这是一个由国家领导人特批的更加重磅的项目,被列入2015年国家出版基金特别项目。为纪念中国人民抗日战争胜利70周年,这套书要求在2015年9月18日前面世。因此,许旭虹团队快速进入两个项目无缝衔接状态。“从2014年底接触项目,到次年9月份召开新书发布会,我们团队运作时间不足8个月,仅审批流程就耗时三四个月。”因为整个编辑团队仅四五人,其间许旭虹每天忙得“像打仗一样”,恨不得每天都睡在办公室里。

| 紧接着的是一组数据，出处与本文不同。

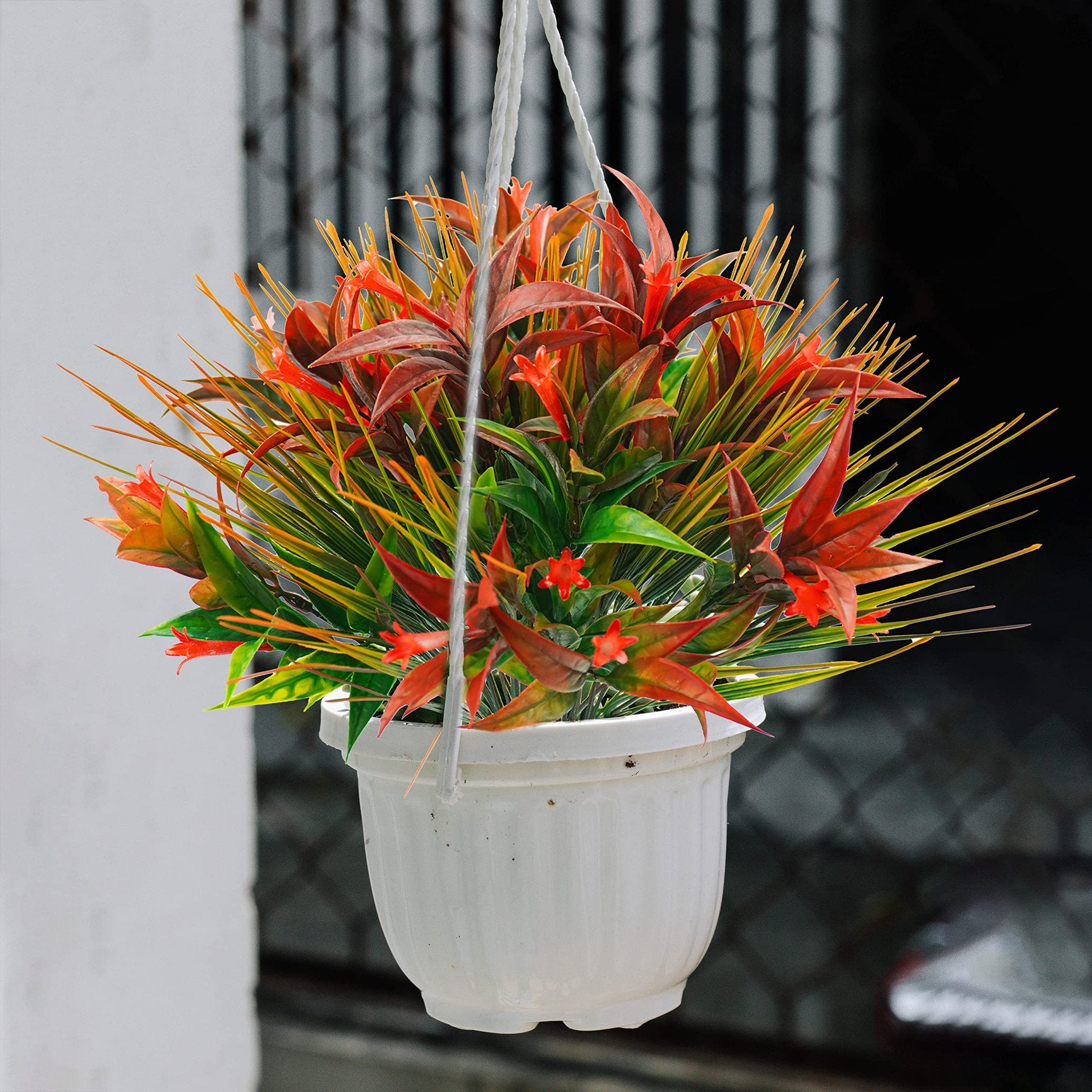 Hanging artificial plant with red and orange flowers and green foliage in a white pot.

很多次她觉得身体已经累到极致而无法支撑,但第二天又感觉“满血复活”。当第一集50册面世时,许旭虹不由得慨叹“如鱼饮水,冷暖自知”。
“虽然做这套书任务很艰巨,但在第一阶段工作收官时,我们团队都无法用‘高兴’来形容当时的心情。”许旭虹说,第一辑战犯笔供选在“九一八”前夕发布,面对这个沉甸甸的纪念日,所有人都没法高兴,只能说是自豪,“因为我们的国家曾经受到日本军国主义侵略,如今已是扬眉吐气。”更让她欣慰的是,这套书籍用铁一般的一手文献证据,坐实了日军侵华历史,狠狠打击了日本右翼分子篡改历史教科书的行径,同时为研究中国对日本外交政策以及抗战历史,都起到了重要作用。
第一阶段的工作获得了中央档案馆和国家档案局的高度认可,许旭虹团队继续下一阶段的编辑工作,最终于2017年完成了这套书全部120册的出版工作。
“编辑这套战犯笔供选,自然有技术层面的门槛,比如为了让更多国家了解日军侵华的兽行,每篇供词都概括了中英文提要,需要精准翻译。”但在许旭虹看来这些工作并非难关,最难过的是心理挑战,因为战犯供词内容涉及大量烧、杀、抢、掠等暴行,可谓惨无人道。除了众所周知的慰安妇、731人体实验,充斥其间更多的是令人发指的杀戮细节,“比如有一个战犯供述,为了解人肉的滋味,居然把中国百姓杀死后煮熟了吃。我们看到这个内容后,整整几天吃不下饭。”一幕幕血腥罪行,让许旭虹时常难受到无法工作,以至于时隔近十年依然无法放下,每每谈及就会流泪。“这套书编完后,我们几乎处于抑郁状态。但也是因为做这套书,我深切地感受到,一个国家如果不强大,最后的下场就是叫天天不应,叫地地不灵。”让她欣慰的是,近年来抗战历史成为研究热点,目前她还在主持国家档案馆大型影印项目《抗日战争档案汇编》,预计规模1000册。同时,她的团队还与金华市档案馆合作,出版其中收藏的细菌战档案。
也是在这种对心理素质和专业素养都构成超强度挑战的工作中,许旭虹炼就了稳定的精神内核,能及时化解工作中的不良情绪。在编辑侵华日军战犯供词档案时,一旦愤怒、悲伤的情绪袭来,她就会暂时放下工作,或去打羽毛球,或者阅读其他书籍,以此驱赶负面情绪。
4.精益求精,屡获业界大奖
从业22年,许旭虹编辑出版书籍无数,多部书籍获得国家级甚至是国际性奖项。如《汉藏交融:金铜佛像集萃》获第二届中国出版政府奖装帧设计奖,《庄学本全集》获第二届中国出版政府奖装帧设计提名奖、第三届中华优秀出版物图书提名奖。这两本书获奖时,许旭虹“出道”仅7年,随时可能袭来的“七年之痒”职业倦怠危机,因获奖为她注入了“再出发再创新”的动力。两年后,《中国文化遗产研究院藏西域文献遗珍》获全国优秀古籍图书奖二等奖、2011年度全国文化遗产十佳图书。2013年,《江南明清建筑木雕》获得第11届中国民间文艺山花奖·民间文学艺术著作奖。2017年,她责编的《中国文化遗产研究院藏清代名人书札》获海峡两岸书籍设计邀请赛“十佳最美图书奖”。2018年,《文物山东》获中国文化遗产优秀图书。2019年,她主编的《西来意》斩获了美国印刷界“班尼奖”全场唯一大奖。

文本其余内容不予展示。